Turkish troops and their militia allies swept into the northwest Syrian town of Afrin on Sunday, the culmination of an eight-week campaign to drive the Kurdish YPG fighters from the region. On Monday, a Turkish aid group started distributing relief supplies in the town centre. But residents continued to leave after widespread reports of looting by Turkish-backed forces.
After seizing control of Afrin, the main town in a pocket of Kurdish-controlled territory in northwest Syria, Erdogan said Turkey would also target a region stretching nearly 400km east to the northern Syrian town of Qamishli.
Expanding Turkey's military campaign into the much larger Kurdish-held territory further east would risk confronting troops of a Nato ally, the United States, that are deployed alongside a YPG-dominated force in northern Syria.
The YPG has been Washington's main ally against the Islamic State (IS) group in Syria, in a partnership that has infuriated Ankara which sees the Kurdish force as an extension of a militant group waging a decades-long military campaign in its own southeast.
It launched the air and ground offensive two months ago against the YPG in Afrin, a campaign it dubbed "Olive Branch".
"By controlling Afrin city centre yesterday, we have passed the most important step of the Olive Branch operation," Erdogan told a gathering of judges and prosecutors in Ankara.
"After this, we will continue now to Manbij, Ayn al-Arab, Tel Abyad, Ras al-Ain and Qamishli until this corridor is fully removed," he said, referring to a string of towns along Syria's border region with Turkey.

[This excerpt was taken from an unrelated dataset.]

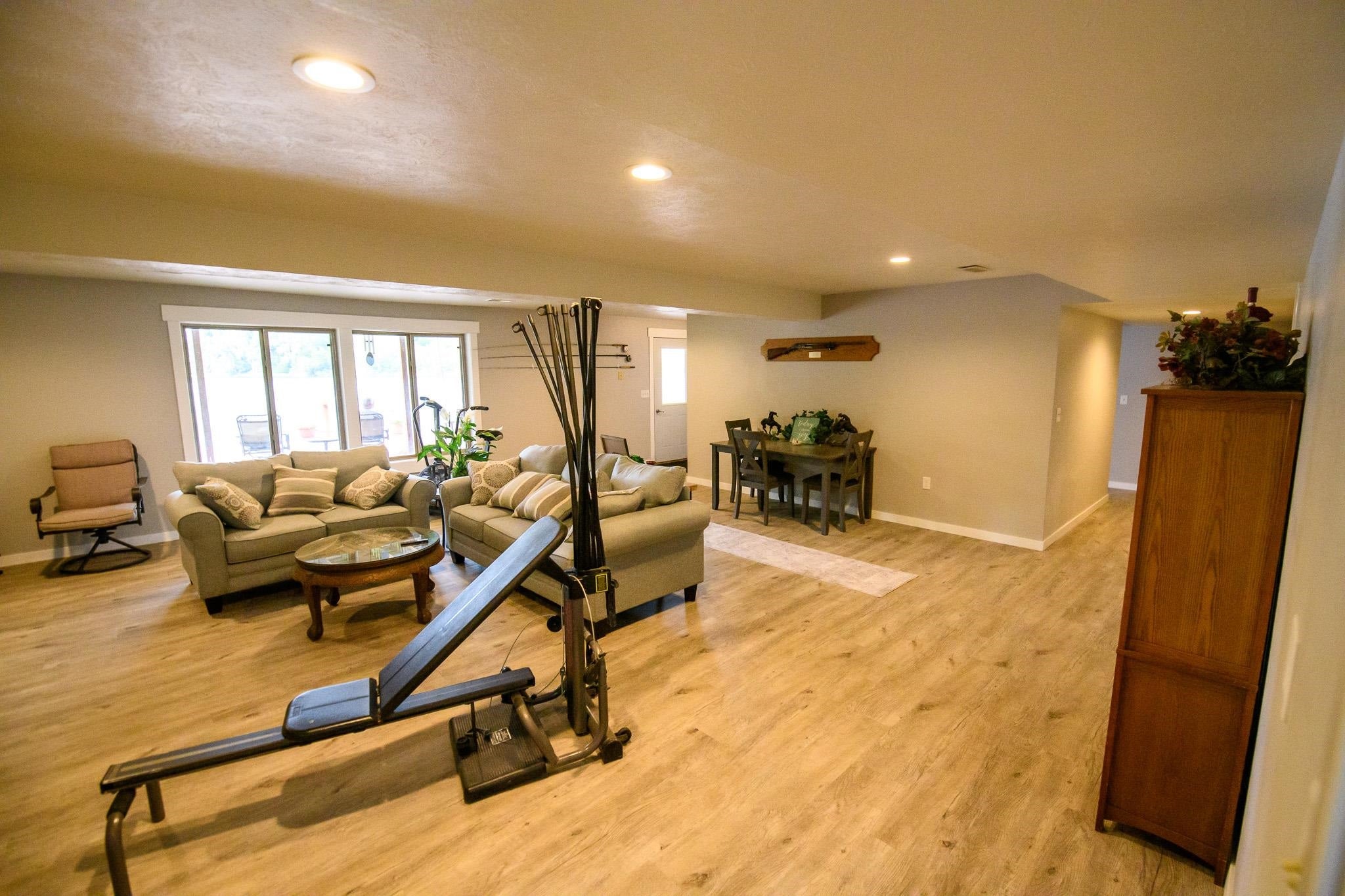 Meadow Grove, Nebraska, 68752, United States, 3 Bedrooms Bedrooms, ,4 BathroomsBathrooms,Residential,Active,1990640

In Afrin town, triumphant Syrian rebels stood on a fallen Kurdish statue, firing shots in the air, while military vehicles patrolled streets still littered with debris from the offensive.
Shops were closed and some people left for nearby villages. One resident said the Turkey-backed Free Syrian Army fighters had been looting shops and homes.
"The Free Syrian Army came and entered into Afrin and supposedly we were going to be safe. But it turned out to be the opposite," said the man, who did not give his name.
Erdogan's spokesman told CNN that Turkey was taking the reports of looting seriously and that some fighters had not apparently followed the orders of their commanders.
The Syrian government demanded the Turkish troops leave Afrin.
"The announcement of the Turkish regime's president that his invading forces control Afrin is illegitimate," Syria's Foreign Ministry said in a letter to the United Nations. "Syria demands the invading forces withdraw immediately from the Syrian lands they have occupied."
The US State Department also called for international aid organisations to be given access to deliver humanitarian assistance in the area.
Turkey is concerned about the presence in northern Iraq of militants of the Kurdistan Workers' Party (PKK) which it considers a terrorist organisation.
The PKK has been based in Qandil mountain region near Iraq's border with Iran, but Erdogan said a "second Qandil" was being established in Sinjar, further west.
He said Turkey had told the Iraqi government to deal with the threat.
Turkish Prime Minister Binali Yildirim was holding talks with the Iraqi government, Erdogan added. "However, if this issue is prolonged much longer, there will be an Olive Branch there too."